Немного погодя вернулись с поля дядя Фатей и невестка его Анна, жена старшего сына.

 Здорово, работник!  шутливо гаркнул дядя Фатей и протянул мне широкую сильную руку.

 А  а  а, вот он какой пузырь!  смеясь, сказала Анна и давай вертеть меня туда-сюда, лохматить мои волосы.  Дай-ка я посмотрю, какой он есть, этот хваленый Стойленский Андреёк

Мне сразу поглянулись её светло-голубые смеющиеся глаза, круглые и румяные, что яблочко, щёки с ямочками, полные пальцы, на одном из которых почти заплыло серебряное обручальное кольцо.
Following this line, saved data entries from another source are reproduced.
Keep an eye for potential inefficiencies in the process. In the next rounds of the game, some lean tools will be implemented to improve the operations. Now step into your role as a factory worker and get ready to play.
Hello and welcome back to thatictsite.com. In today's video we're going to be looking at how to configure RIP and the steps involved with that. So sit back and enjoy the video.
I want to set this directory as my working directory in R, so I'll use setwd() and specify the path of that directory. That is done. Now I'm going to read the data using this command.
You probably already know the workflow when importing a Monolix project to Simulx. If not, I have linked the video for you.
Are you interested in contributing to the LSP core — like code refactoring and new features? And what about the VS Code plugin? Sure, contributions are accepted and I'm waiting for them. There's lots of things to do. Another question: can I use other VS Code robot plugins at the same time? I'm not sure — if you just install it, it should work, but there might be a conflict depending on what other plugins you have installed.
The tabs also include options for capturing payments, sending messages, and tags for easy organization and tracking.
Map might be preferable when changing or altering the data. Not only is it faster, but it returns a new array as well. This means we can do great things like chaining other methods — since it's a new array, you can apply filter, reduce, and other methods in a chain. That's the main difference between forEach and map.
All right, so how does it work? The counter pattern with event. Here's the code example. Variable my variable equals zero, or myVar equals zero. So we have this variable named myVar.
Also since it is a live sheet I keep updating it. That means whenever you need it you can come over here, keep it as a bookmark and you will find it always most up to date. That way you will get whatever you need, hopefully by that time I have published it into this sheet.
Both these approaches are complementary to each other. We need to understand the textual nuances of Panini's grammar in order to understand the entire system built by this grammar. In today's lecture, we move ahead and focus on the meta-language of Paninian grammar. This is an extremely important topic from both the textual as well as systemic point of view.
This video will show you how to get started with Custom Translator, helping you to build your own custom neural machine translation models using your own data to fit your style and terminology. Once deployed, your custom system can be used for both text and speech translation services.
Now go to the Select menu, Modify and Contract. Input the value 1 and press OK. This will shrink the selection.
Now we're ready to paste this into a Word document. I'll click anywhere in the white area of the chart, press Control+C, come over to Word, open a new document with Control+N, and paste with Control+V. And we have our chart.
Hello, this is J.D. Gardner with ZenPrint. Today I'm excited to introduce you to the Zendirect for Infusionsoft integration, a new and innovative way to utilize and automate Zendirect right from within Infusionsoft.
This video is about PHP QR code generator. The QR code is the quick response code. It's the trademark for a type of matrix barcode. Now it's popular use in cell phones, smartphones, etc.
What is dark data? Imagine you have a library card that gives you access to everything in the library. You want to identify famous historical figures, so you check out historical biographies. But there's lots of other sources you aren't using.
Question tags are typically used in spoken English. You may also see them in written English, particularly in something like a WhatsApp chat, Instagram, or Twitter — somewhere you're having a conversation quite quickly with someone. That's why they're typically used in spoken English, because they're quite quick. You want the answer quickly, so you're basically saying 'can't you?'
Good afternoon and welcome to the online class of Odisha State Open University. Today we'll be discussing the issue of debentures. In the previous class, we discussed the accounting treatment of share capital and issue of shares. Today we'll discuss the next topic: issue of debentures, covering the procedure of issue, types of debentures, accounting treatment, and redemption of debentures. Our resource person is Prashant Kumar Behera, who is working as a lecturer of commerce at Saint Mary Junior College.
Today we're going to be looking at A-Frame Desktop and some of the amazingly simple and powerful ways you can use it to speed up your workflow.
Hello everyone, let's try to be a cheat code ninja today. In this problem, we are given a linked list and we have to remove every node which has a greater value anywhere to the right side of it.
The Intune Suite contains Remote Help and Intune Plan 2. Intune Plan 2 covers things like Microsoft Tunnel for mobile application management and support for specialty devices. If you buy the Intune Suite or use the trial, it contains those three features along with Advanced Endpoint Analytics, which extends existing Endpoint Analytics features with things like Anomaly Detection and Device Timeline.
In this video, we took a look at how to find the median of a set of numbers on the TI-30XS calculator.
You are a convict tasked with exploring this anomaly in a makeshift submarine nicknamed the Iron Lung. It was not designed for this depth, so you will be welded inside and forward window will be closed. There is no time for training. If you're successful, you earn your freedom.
У дяди Фатея было два взрослых сына. Простодушного рябого Ивана звали «вахлаём» и отдали в работники барину Головину. Старший же, Николай, был рослый, красивый щёголь. Он ходил в каменщики и нахватался в городах «слободских» привычек: умывался душистым мылом «Свежее сено» или «Букет моей бабушки», фиксатурил усики, по праздником зимой и летом надевал сапоги с калошами. В калоши втыкал буквы «НБ», сделанные из жести и обозначавшие «Николай Бурцев» (такие буквы для калош продавали в магазинах). Чтобы больше озадачить липяжан своим обхождением, Николай при всяком подходящем случае выговаривал:

 Мерсите вас пардон!

Но ни одной буквы не знал, кроме тех, что были в его калошах. Теперь служил в кавалерии и уже прислал семье фотоснимок: он в парадной форме сидит верхом на вздыбившейся лошади, в правой руке сабля наголо. Под снимком надпись:

«Николай Фаддеевич Бурцев на кобыле Тужурке».

Все липяжане приходили смотреть, завистливо ахали, тётка Иваниха при этом утирала фартуком слёзы материнской радости, Анна сияла, а дядя Фатей, едва сдерживая распиравшее его чувство гордости, объяснял посетителям:

 Николай пишет: ежели б ему грамоту, до генерала дошёл бы. А без грамоты, говорит, в генералы выйти нельзя, по уставу не положено

Собирались косить траву и метать пары. Выказывая усердие, я волчком вертелся около дяди, пока он подводил к таратайке Чалую и «третьяка» (так назывался у нас конь-трёхлеток). Чтобы доказать, что я тоже настоящий работник, подавал то хомут, то седелку, то вожжи. А дядя все похваливал меня:

 Вот так Молодец, Андреёк! Тащи теперь сюда жбан с водой. Так, так Веди третьяка, привязывай его к оглобле Бери у тётки кошелку, ставь в задок Так!

Потом он сам уложил косу, плужок, борону, хомуты. Из хаты вышла Анна. Мы трое уселись по грядкам таратайки и поехали в поле. Почему-то всё здесь мне было по-новому интересно, и работа, постылая при отце, занимала меня. В поле я внимательно следил, как дядя запрягал Чалую в плужок, а третьяка в борону, как точил и прилаживал косу. Обязанности распределились так: Анна косила траву на широком межнике, я водил третьяка в поводу и вытряхивал на поворотах сор из бороны, а дядя пахал.

Он был хороший плотник, сам сделал себе плужок  маленький, лёгкий на подъём, добротно пробиравший землю. Давно обсмыганные обжи его блестели, палица вспыхивала на солнце огнём. Лента поднятой земли, как живая, перевалилась через палицу и ложилась ровной линией. Хорошо пахал дядя! Шёл за плугом степенно, чуть склонив голову на правый бок. Изредка пошевеливал вожжей и благодушно покрикивал: «Вон лезь!». Это сливалось у него в одно слово «вонлезь». И означало, что кобылка должна выйти из борозды. Чалая хозяина понимала. На поворотах дядя валил плужок набок, отчищал от налипшей земли и перекладывал палицу на другой сошник. Красиво!